Terminals and the names of the non-terminals are always shared between the EBNF and BNF representations.
Rule 0 is the same for BNF and extended BNF. Rules 1 and 2 are now rules 1 through 6 and 7,
and three new non-terminals and five new rules are required
to implement the suffix *
for token
(new rules 2 and 3)
and the suffix +
for rule
(new rules 4 through 6).
Left or right recursion is used for the expansion
depending whether or not an additional argument for page.EBNF#init is true.

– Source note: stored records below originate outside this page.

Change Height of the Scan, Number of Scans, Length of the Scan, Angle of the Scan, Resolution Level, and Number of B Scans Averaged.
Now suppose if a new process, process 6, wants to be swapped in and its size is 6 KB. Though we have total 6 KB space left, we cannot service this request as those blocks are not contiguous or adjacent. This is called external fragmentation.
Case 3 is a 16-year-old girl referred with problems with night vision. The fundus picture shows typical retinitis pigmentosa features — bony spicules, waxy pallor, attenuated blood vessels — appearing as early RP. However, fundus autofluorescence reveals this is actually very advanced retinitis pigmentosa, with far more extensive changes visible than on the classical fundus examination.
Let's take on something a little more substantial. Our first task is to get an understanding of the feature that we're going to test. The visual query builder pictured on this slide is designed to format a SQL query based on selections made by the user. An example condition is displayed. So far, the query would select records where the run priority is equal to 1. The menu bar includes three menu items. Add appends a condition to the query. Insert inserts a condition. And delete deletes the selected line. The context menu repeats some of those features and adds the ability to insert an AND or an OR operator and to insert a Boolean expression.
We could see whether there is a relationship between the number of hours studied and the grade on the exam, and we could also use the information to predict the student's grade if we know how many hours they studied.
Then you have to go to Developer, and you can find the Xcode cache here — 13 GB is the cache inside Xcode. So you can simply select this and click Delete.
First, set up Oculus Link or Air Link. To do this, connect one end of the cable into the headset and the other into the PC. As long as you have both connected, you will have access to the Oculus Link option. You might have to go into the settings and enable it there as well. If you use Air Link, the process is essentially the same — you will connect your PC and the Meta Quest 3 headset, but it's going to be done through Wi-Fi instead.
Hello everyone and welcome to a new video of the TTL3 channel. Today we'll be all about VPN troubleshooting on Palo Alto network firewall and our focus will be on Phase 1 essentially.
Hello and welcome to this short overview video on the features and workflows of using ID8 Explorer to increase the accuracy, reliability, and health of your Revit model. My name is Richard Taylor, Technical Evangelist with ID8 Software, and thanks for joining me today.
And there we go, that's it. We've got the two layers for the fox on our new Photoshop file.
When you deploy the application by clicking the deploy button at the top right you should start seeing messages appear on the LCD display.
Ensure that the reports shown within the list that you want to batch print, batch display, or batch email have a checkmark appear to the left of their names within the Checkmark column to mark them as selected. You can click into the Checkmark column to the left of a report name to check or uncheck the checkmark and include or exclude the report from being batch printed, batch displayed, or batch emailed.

Initial EBNF grammar checks
When an EBNF grammar construction is concluded with page.EBNF#init, the EBNF grammar is translated and represented as a BNF grammar. At this point page.BNF#init performs the usual checks for the BNF grammar. Therefore:
All names in either grammar must be uniquely defined, either as token names using
%token
, or as non-terminal names which must appear on the left-hand side of single EBNF rules.All non-terminals in either grammar should be necessary, i.e., they must be reachable through a chain of right-hand sides from the internal start symbol
$accept
.Syntax trees based on EBNF grammars would be relatively flat but we can resort to the BNF translation to produce deeper trees. In either case, non-terminals should still have a way to produce terminals:
a: 'ok' | b; b: c; c: b; error: b is infinitely recursive error: c is infinitely recursive
Note that the error messages stem from the BNF grammar,
i.e., they might refer to some synthetic non-terminals such as $2
.